### [DIRECTIONS]
From the listing that follows, reproduce only the lines from the one holding "female-cane-corso-puppy" through the one holding "Lemon Essential Oil - 10 ml", both included, with no pictures.

### [EXERCISE INPUT]
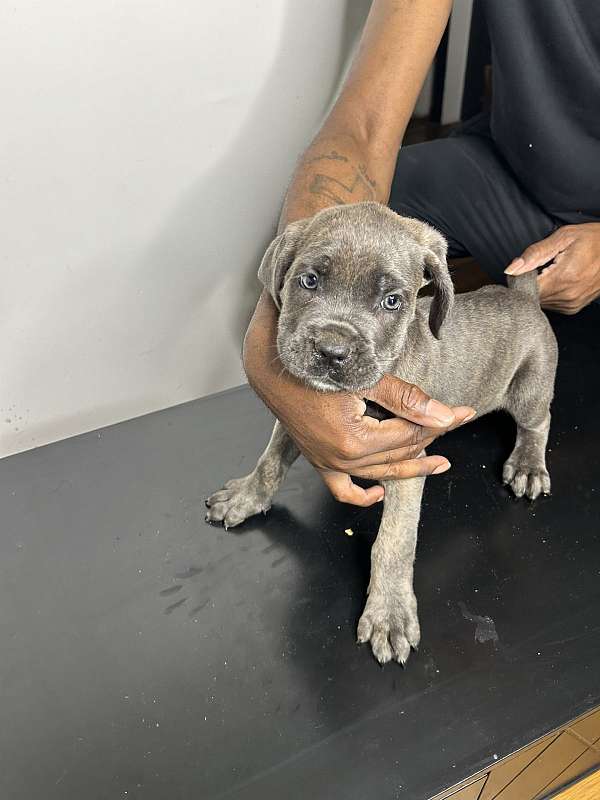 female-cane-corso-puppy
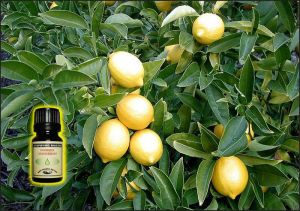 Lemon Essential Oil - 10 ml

==

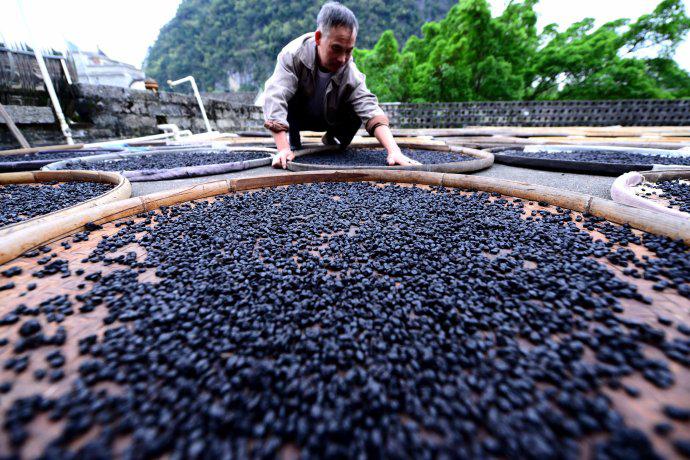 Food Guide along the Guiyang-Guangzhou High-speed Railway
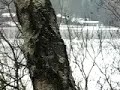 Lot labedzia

### [WRITTEN RESPONSE]
 female-cane-corso-puppy
 Lemon Essential Oil - 10 ml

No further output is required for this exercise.